§ **WORK ITEM**
Two lines mark the range in the entries below: the one holding "Marineblaues alternatives Premium-Trikot" and the one holding "Making a Wooden". Set down those two and all lines between them, exactly.

Data entries:
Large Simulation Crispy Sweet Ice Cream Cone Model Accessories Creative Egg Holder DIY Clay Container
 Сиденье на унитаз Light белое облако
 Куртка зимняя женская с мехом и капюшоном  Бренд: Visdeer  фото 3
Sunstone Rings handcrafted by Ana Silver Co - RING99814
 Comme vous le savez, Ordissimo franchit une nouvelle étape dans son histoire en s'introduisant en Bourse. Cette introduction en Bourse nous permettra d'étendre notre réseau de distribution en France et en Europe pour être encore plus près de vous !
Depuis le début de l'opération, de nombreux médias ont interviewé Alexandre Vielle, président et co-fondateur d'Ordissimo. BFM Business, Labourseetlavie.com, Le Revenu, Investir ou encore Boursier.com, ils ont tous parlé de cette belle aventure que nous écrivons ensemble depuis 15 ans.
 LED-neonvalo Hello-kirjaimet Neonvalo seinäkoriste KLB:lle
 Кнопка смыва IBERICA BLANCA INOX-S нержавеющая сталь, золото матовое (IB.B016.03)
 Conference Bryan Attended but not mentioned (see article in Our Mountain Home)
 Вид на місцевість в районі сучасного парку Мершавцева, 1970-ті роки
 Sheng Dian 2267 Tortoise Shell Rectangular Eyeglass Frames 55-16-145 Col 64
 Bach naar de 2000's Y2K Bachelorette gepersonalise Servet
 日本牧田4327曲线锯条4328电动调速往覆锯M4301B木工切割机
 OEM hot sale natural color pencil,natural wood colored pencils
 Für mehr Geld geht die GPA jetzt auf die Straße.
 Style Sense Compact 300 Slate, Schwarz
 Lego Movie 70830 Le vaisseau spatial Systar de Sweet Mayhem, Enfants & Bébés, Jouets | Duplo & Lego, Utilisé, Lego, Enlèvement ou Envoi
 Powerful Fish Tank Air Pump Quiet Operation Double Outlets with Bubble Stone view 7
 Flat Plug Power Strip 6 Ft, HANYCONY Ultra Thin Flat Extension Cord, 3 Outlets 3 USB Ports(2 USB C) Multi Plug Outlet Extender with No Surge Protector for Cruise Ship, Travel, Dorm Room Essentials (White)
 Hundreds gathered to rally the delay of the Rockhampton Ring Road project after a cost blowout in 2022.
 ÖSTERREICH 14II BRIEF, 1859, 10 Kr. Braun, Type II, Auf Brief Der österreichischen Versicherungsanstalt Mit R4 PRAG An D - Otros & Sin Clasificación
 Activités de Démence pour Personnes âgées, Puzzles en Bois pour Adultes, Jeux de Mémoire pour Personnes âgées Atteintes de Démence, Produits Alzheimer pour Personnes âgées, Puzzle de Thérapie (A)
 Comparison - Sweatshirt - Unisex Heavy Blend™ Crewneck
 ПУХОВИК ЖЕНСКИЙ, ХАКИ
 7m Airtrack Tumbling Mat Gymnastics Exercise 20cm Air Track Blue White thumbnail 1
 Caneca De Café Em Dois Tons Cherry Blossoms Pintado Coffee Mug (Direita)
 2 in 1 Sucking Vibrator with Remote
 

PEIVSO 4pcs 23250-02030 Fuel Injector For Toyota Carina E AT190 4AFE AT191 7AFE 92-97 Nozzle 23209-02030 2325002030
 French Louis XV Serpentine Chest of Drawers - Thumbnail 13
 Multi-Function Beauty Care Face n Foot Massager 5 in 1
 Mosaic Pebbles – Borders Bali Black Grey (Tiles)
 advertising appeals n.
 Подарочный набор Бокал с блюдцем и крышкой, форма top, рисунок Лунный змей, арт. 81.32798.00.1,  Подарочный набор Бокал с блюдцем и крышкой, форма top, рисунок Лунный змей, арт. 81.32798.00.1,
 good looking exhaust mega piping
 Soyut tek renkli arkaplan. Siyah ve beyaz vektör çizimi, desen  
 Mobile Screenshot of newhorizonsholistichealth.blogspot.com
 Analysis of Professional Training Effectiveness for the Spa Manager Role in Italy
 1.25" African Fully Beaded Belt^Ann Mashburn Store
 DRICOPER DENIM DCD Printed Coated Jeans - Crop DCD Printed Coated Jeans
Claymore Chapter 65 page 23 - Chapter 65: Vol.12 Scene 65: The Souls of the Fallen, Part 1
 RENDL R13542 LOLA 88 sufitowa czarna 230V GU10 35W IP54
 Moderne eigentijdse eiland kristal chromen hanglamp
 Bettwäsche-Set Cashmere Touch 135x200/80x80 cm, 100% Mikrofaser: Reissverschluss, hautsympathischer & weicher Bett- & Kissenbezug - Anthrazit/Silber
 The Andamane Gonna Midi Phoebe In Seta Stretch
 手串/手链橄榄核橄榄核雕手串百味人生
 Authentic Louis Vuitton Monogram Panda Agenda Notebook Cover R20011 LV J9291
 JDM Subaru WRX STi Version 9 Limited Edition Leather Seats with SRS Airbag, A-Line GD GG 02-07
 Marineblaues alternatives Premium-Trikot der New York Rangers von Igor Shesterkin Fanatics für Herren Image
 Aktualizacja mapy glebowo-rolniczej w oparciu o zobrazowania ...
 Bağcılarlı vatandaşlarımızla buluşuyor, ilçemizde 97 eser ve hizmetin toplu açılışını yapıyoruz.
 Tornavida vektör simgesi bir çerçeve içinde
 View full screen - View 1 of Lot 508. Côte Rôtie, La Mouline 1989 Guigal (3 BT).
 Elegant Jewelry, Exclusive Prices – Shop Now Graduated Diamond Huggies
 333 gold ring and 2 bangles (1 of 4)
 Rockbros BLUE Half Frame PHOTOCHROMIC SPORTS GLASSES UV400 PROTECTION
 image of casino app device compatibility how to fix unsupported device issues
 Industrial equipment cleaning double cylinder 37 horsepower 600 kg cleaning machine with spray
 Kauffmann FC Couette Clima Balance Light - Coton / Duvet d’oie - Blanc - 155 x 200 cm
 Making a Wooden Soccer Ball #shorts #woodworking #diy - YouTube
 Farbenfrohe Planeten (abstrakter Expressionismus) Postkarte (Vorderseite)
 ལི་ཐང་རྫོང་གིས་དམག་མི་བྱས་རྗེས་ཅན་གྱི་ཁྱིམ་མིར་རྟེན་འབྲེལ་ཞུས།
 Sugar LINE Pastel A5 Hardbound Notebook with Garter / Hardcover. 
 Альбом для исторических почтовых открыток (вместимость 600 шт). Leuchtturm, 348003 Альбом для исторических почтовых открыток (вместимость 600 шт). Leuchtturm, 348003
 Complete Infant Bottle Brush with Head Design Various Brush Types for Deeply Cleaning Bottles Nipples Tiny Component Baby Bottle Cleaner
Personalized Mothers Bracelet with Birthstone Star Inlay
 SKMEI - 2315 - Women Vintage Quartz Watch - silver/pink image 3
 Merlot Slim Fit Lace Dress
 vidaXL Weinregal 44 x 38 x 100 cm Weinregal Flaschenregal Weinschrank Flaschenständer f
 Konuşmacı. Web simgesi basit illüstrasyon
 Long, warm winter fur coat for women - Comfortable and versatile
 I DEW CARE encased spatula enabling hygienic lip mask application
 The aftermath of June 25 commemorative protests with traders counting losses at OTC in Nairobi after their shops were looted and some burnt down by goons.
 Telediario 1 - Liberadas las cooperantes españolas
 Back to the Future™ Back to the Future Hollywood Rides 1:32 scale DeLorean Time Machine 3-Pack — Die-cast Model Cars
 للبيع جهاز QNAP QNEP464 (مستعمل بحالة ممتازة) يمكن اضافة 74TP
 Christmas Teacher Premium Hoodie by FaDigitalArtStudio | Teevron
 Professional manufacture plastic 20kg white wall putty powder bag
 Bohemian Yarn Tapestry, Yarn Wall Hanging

§ **THE ANSWER**
 Marineblaues alternatives Premium-Trikot der New York Rangers von Igor Shesterkin Fanatics für Herren Image
 Aktualizacja mapy glebowo-rolniczej w oparciu o zobrazowania ...
 Bağcılarlı vatandaşlarımızla buluşuyor, ilçemizde 97 eser ve hizmetin toplu açılışını yapıyoruz.
 Tornavida vektör simgesi bir çerçeve içinde
 View full screen - View 1 of Lot 508. Côte Rôtie, La Mouline 1989 Guigal (3 BT).
 Elegant Jewelry, Exclusive Prices – Shop Now Graduated Diamond Huggies
 333 gold ring and 2 bangles (1 of 4)
 Rockbros BLUE Half Frame PHOTOCHROMIC SPORTS GLASSES UV400 PROTECTION
 image of casino app device compatibility how to fix unsupported device issues
 Industrial equipment cleaning double cylinder 37 horsepower 600 kg cleaning machine with spray
 Kauffmann FC Couette Clima Balance Light - Coton / Duvet d’oie - Blanc - 155 x 200 cm
 Making a Wooden Soccer Ball #shorts #woodworking #diy - YouTube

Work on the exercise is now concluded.